** ACTIVITY **
Pictures stay out of the copy, and everything else in the data below is repeated exactly.

** RECORDED INFORMATION **
Segment Open

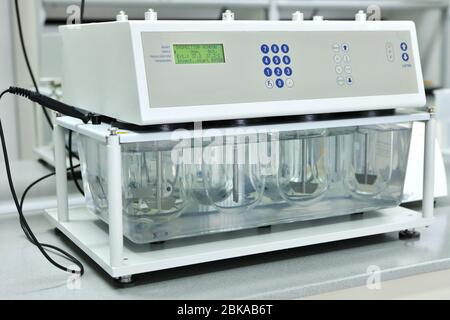 Eine Chemikerin führt Löslichkeitstests von Tabletten und anderen Darreichungsformen durch. Erveka - Wissenschaftliche Forschung Pharmazeutisches Labor. Ein Mann führt Stockfoto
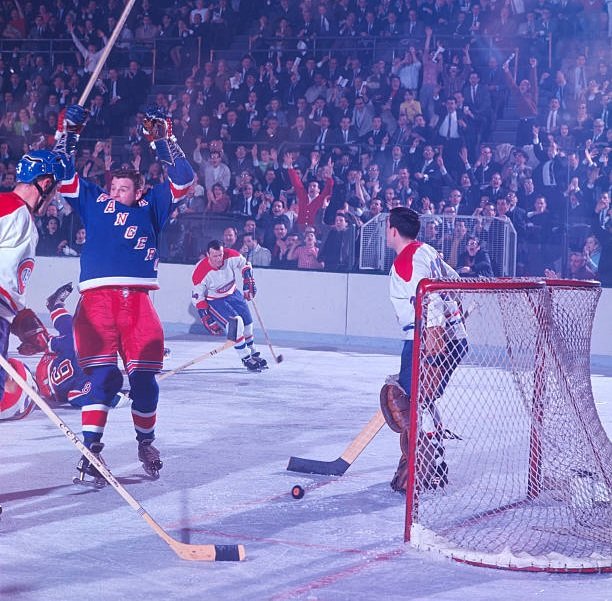 SayItIsSoJoe's tweet image. The #NYR Earl Ingarfield celebrates after scoring on the #Habs Rogie Vachon during game 3 of the 1967 #NHL Semi-final on April 11 at Madison Square Garden. #Habs won 3-2 and would go on to sweep the series and face the #Leafs in the Stanley Cup Final. #GoHabsGo 
📸: James Drake
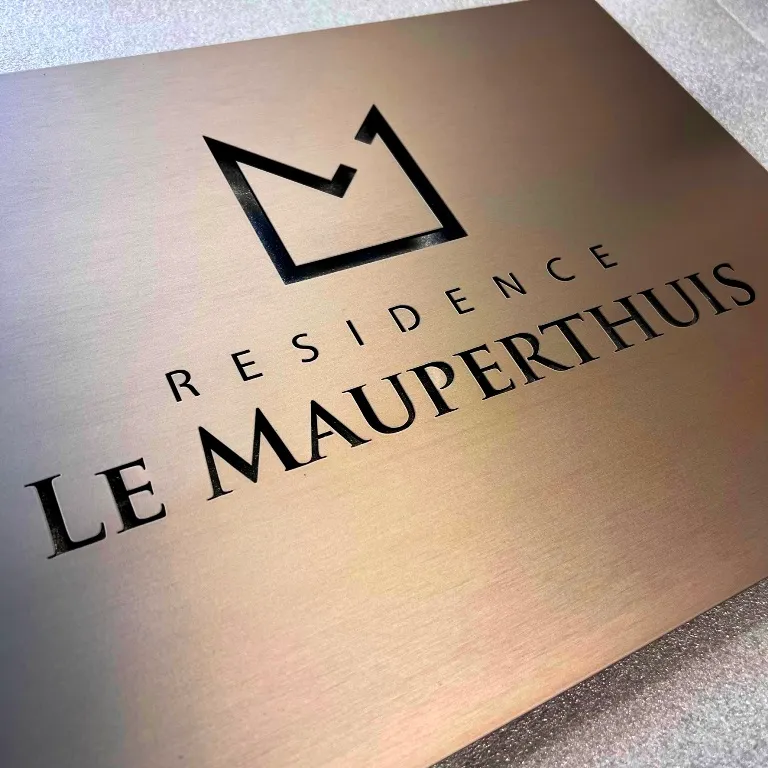 Plaque de résidence en laiton brossé gravée au laser d'un logo couronne et du nom de la résidence, posée sur une surface claire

Segment Closed

** REPLY TO THE TASK **
 Eine Chemikerin führt Löslichkeitstests von Tabletten und anderen Darreichungsformen durch. Erveka - Wissenschaftliche Forschung Pharmazeutisches Labor. Ein Mann führt Stockfoto
 SayItIsSoJoe's tweet image. The #NYR Earl Ingarfield celebrates after scoring on the #Habs Rogie Vachon during game 3 of the 1967 #NHL Semi-final on April 11 at Madison Square Garden. #Habs won 3-2 and would go on to sweep the series and face the #Leafs in the Stanley Cup Final. #GoHabsGo 
📸: James Drake
 Plaque de résidence en laiton brossé gravée au laser d'un logo couronne et du nom de la résidence, posée sur une surface claire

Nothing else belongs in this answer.